Using DRBD 8.0.8, the performance is quite acceptable in single-node case. 
Unfortunately, when an attempt is made to dual-mount the GFS file system before 
the secondary is fully up to date (but is connected and syncing), the 2nd node 
to join notices an inconsistency, and withdraws from the cluster. In the 
process, GFS gets corrupted, and the only way to get it to mount again on 
either node is to repair it with fsck.

If the nodes are in sync by the time GFS tries to mount, the mount succeeds, 
but everything grinds to a halt shortly afterwards - so much so that the only 
way to get things moving again is to hard-reset one of the nodes, preferably 
the 2nd one to join.

Here is where the second thing that seems wrong happend - the first node 
doesn't just lock-up at this point, as one might expect (when a connected node 
disappears, e.g. due to a hard reset, cluster is supposed to try to fence it 
until it cleanly rejoins - and it can't possibly fence the other node since I 
haven't configured any fencing devices yet). This doesn't seem to happen. The 
first node seems to continue like nothing happened. This is possibly connected 
to the fact that by this point, GFS is corrupted and has to be fsck-ed at next 
boot. This part may be a cluster setup issue, so I'll raise that on the cluster 
list, although it seems to be a DRBD specific peculiarity - using a SAN doesn't 
have this issue with a nearly identical cluster.conf (only difference being the 
block device specification).

I tried 8.0.11, and the performance of that seems to be very poor. So poor that 
I've not yet had the patience to wait for the first node to boot. (I'm using 
Open Shared Root on this, so my DRBD file system is actually the root file 
system.) So, for now, I'm back to using 8.0.8.
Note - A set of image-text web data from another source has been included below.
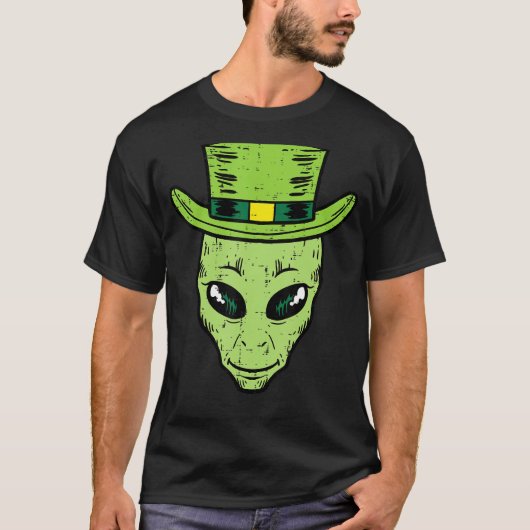 Leprechaun Alien Head St Patricks Day Space Mannen T-shirt (Voorkant)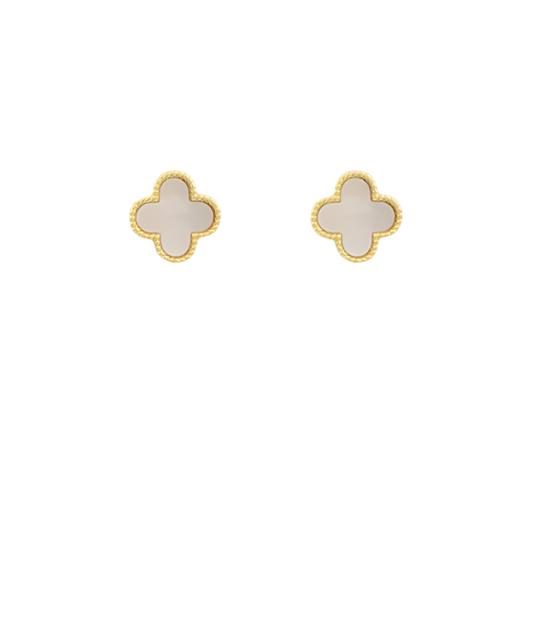 Mother of Pearl Clover Stud Earrings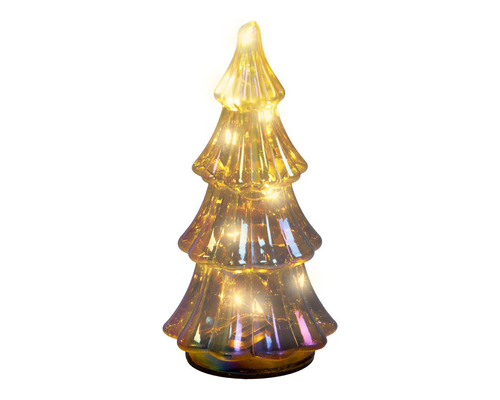 Visuel 1 du produit Sapin en verre marron à micro LED blanc chaud effet flash  - Ø 9 x H 17,1 cm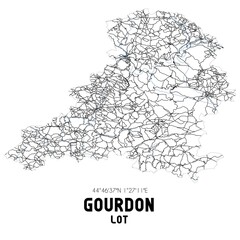 Black and white map of Gourdon, Lot, France.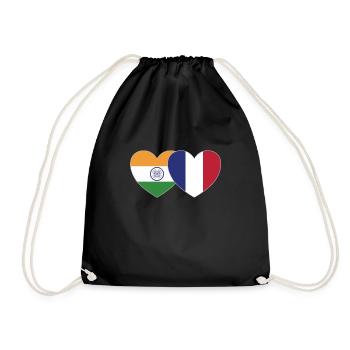 Inde France Flag Coeur - Sac de sport léger - noir - Devant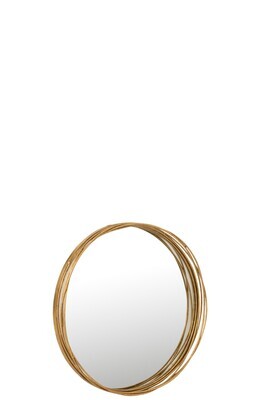 Mirror Aurora Round Iron/Glass Gold Small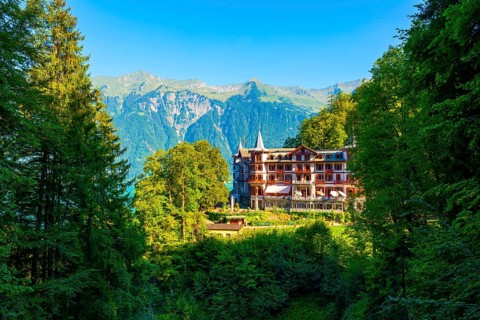 The Historical Grandhotel Giessbach on the Mountain Side in Brienz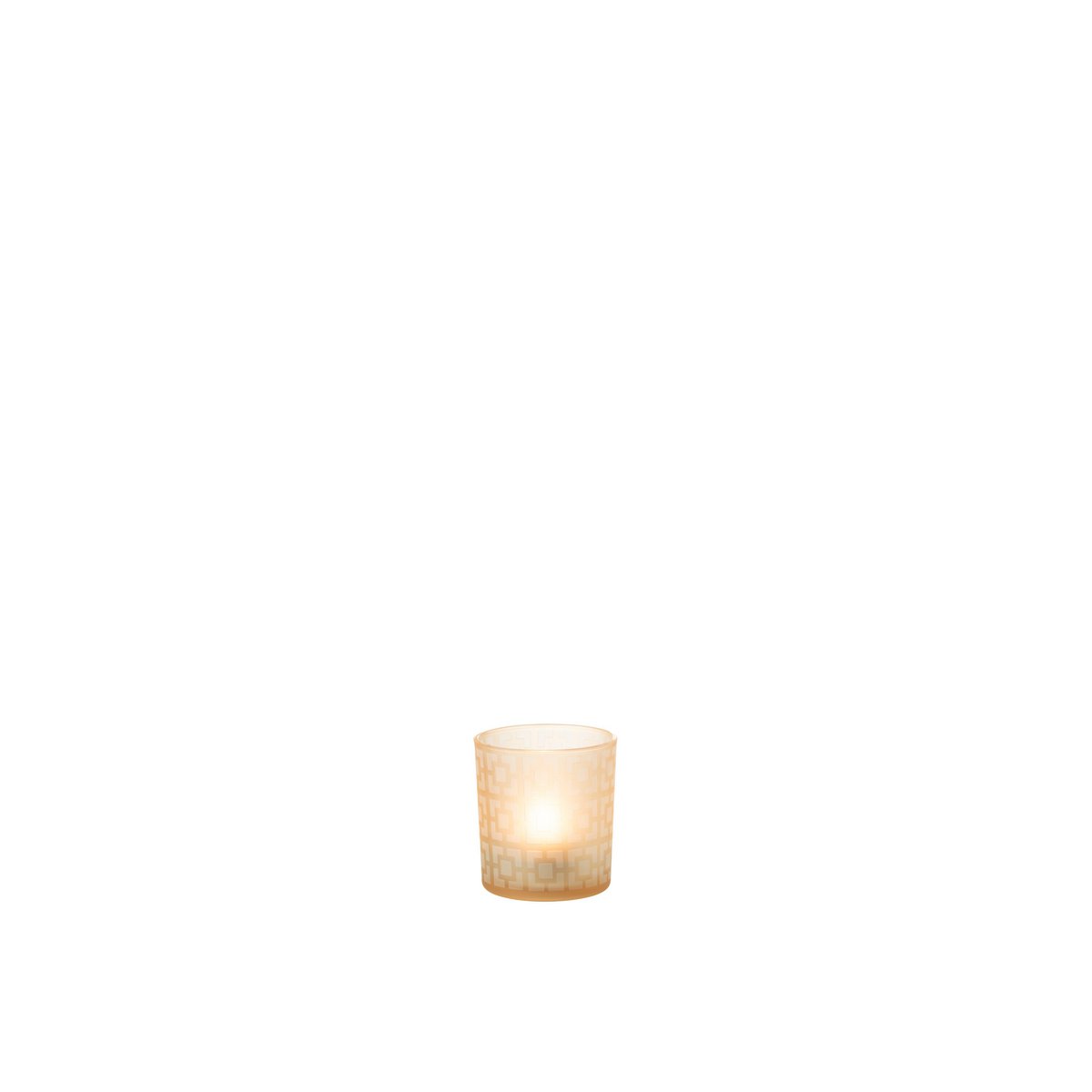Photophore J-Line Squares en verre beige, vue de face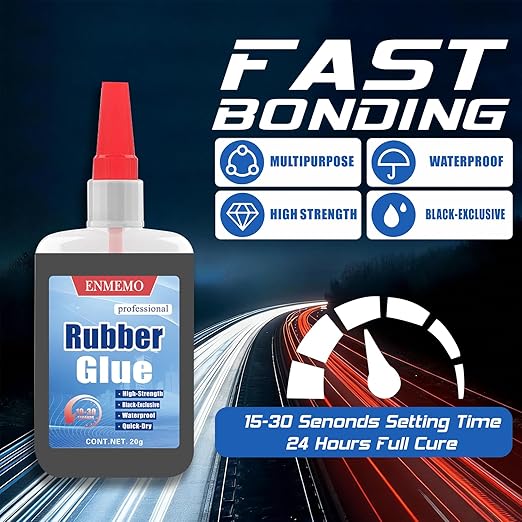 (2-in-1) Black Rubber Glue with Brush Applicator & Nozzle,Instant Glue Bonding Between Rubbers,Rubber and Other Materials,Instant Cement for Tire,Tube, Edge,etc
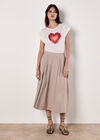 Heart Print Graphic T-Shirt, Red, large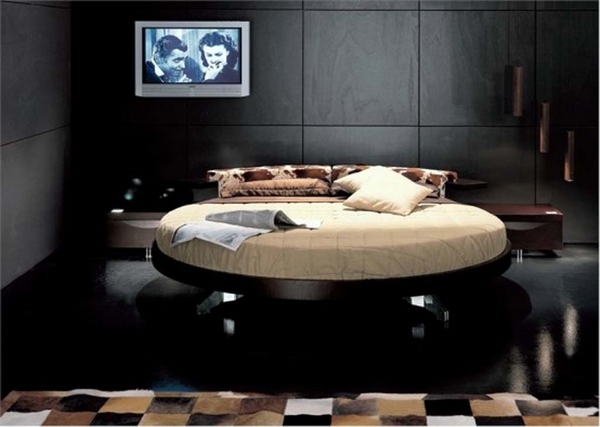 round raised black leather beds minimalist bedrooms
I am using binary RPMs for drbd and kmod-drbd from the CentOS extras 

The nodes' cluster interface is cross-over connected node-to-node on a Gb 
ethernet interface, so performance there shouldn't be an issue. Syncing the 
block device seems to happen at approximately 30MB/s, which I suspect to be 
disk bound (2x 36GB RAID0 U160 SCSI).

The drbd.conf file is as follows:

         usage-count no;

                 rate 64M;

resource drbd1
         protocol C;
                 after-sb-0pri   discard-younger-primary;
                 after-sb-1pri   discard-secondary;
                 after-sb-2pri   call-pri-lost-after-sb;

                 cram-hmac-alg   sha1;
                 shared-secret   "secret";

                 wfc-timeout             60;
                 degr-wfc-timeout        60;
                 become-primary-on       both;

         on sentinel1c
                 device          /dev/drbd1;
                 disk            /dev/sda6;
                 meta-disk       internal;

         on sentinel2c
                 device          /dev/drbd1;
                 disk            /dev/sda6;
                 meta-disk       internal;

Another thing that seems to happen is that the node ends up somehow losing 
access to it's file system. After some arbitrary period of being idle, the 
whole thing just blocks. The node pings, ssh responds, but everything times out 
when an attempt to access the file system is made. Even logging in on the 
console doesn't work. Getting to the logs can be a bit difficult with OSR (they 
get reset on reboot), so I don't have those at the moment.

Has anyone seen anything like this problem before? I'm assuming for now that 
I'm misconfiguring something, so upgrading to 8.2.5 wouldn't really help.